Synoptic line: It throws light on the conditions on which educational institutions need special protection. (GS paper III)

Overview

  • Recently the central government has decided to withdraw its earlier stand in court on Jamia Millia Islamia (JMI), Delhi‘s minority status. The National Commission for Minority Educational Institutions (NCMEI) on 2011, declared JMI a religious minority institution, which government is now considering was an error in its understanding of the legal position.
  • The government’s change of stance on whether Jamia Millia Islamia is a minority institution reminds us of one of the longest festering disputes in Indian constitutionalism.

Issue

  • Article 30 (1) of Indian constitution gives religious and linguistic minorities the right to establish and administer educational institutions of their choice.
  • The core of the issue is whether this clause is meant as an anti-discriminatory and protective clause, to ensure that minority institutions are not discriminated against; or whether it confers upon minority institutions special privileges and a greater degree of autonomy that non-minority institutions do not enjoy.
  • Education policies, from admissions to recruitment, are now among the most litigated areas in law. This is because education itself is overregulated and the intricate degree of control we seek to exercise over it creates all kinds of anomalies.
  • Under the “special privileges” interpretation of Article 30 (1), minority education institutions were given a degree of autonomy that many non-minority institutions rightly envied. Since education is a high-stakes game, this led to a process of greater minoritisation. More and more groups within states want to come under the ambit of minority institutions to claim these privileges.
  • The differential regulatory burden imposed on minority and non-minority institutions varies from state to state depending on the private universities acts of those states.
  • The financial character (whether an institution is aided or unaided), nor the educational purpose seems to matter with any degree of clarity. The courts held that minority institutions can impart broad secular education.
  • But it does create situations where differential regulation is no longer related to justice, or educational objectives, or protecting rights. It has become, in some instances, about merely giving an identity-based privilege. However it is important to remember this privilege is extended to a range of minorities within states, not just Muslims.
  • According to the National Commission for Minority Educational Institutions Act, only minorities can be appointed to the Commission. There are not too many regulatory and quasi-judicial entities with these kinds of extensive identity-based restrictions on membership.
  • The Right to Education Act accentuated the problem of differential regulation.
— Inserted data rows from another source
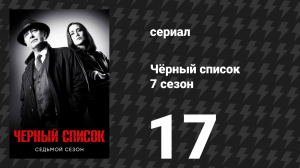 Чёрный список 7 сезон 17 серия «Братья» (сериал, 2020)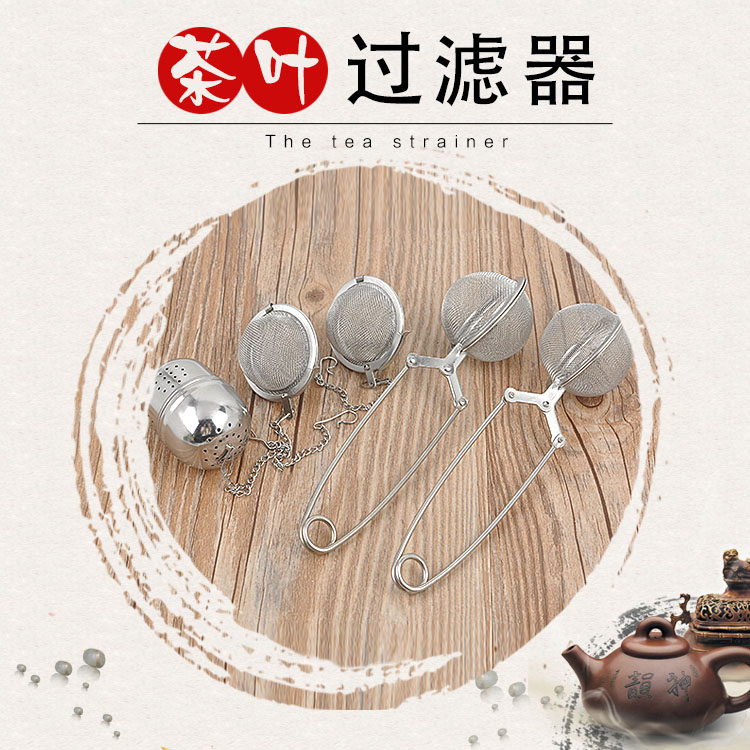 Tea artifact stainless steel tea ball tea maker creative filter time tea set tea filter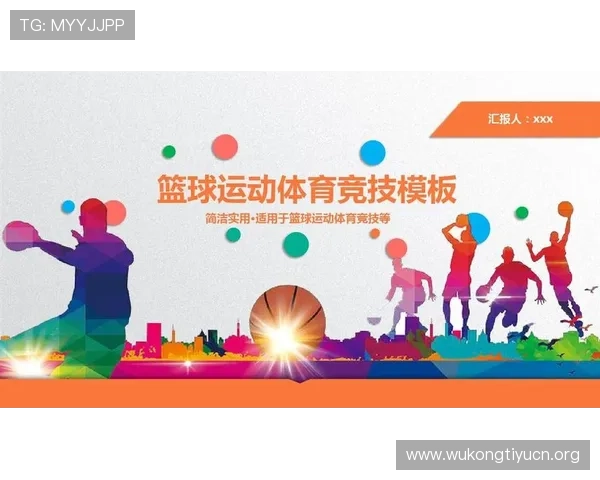 多米体育旗舰店多样运动器材满足不同运动项目的专业需求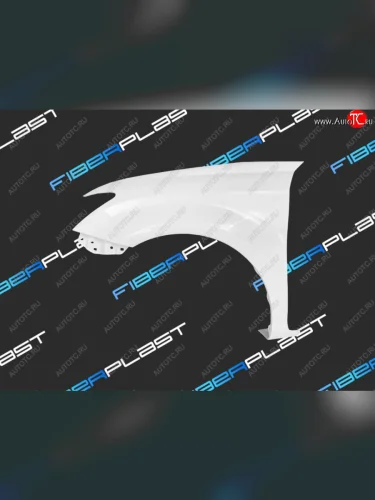 Левое крыло переднее Fiberplast Toyota Corolla Axio  (E160) седан - Corolla Fielder  E160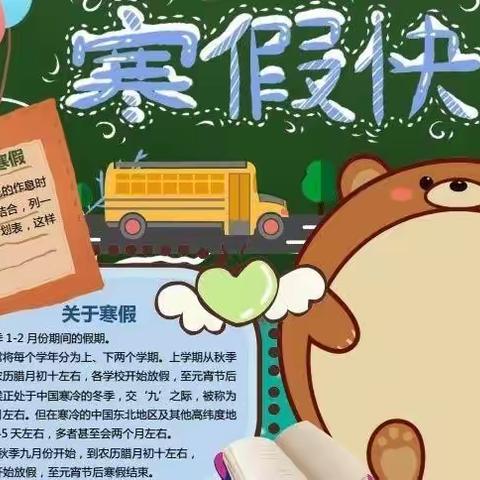 “落实‘双减’政策，共促少年成长”——宜良县匡山小学四年级寒假德育作业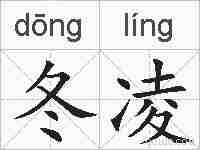 冬凌的拼音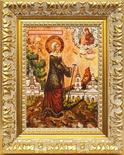 Holy Blessed Xenia of Petersburg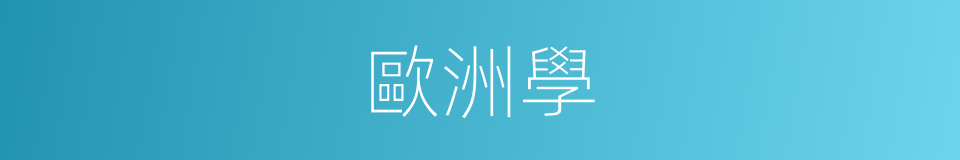 歐洲學的同義詞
It exempted minority institutions from 25 per cent reservation for children from economically weaker sections. These issues reinforced the perception that Article 30 (1) was really about giving special privileges, not about protecting minorities.

Way ahead

  • There is a genuine constitutional mess in the way in which the rights and identities of educational institutions have been conceptualised. We need to find a way of returning to first principles that asks under what conditions which kinds of institutions need special protection and for what purposes.
  • Courts have never clearly articulated what a right of non-minorities to set up and administer an educational institution of their choice might look like. The communal character of this debate will not be defused unless the question of the larger freedom to run educational institutions is settled.

Question– What are minority institutions? Examine the Indian constitutional provisions regarding this.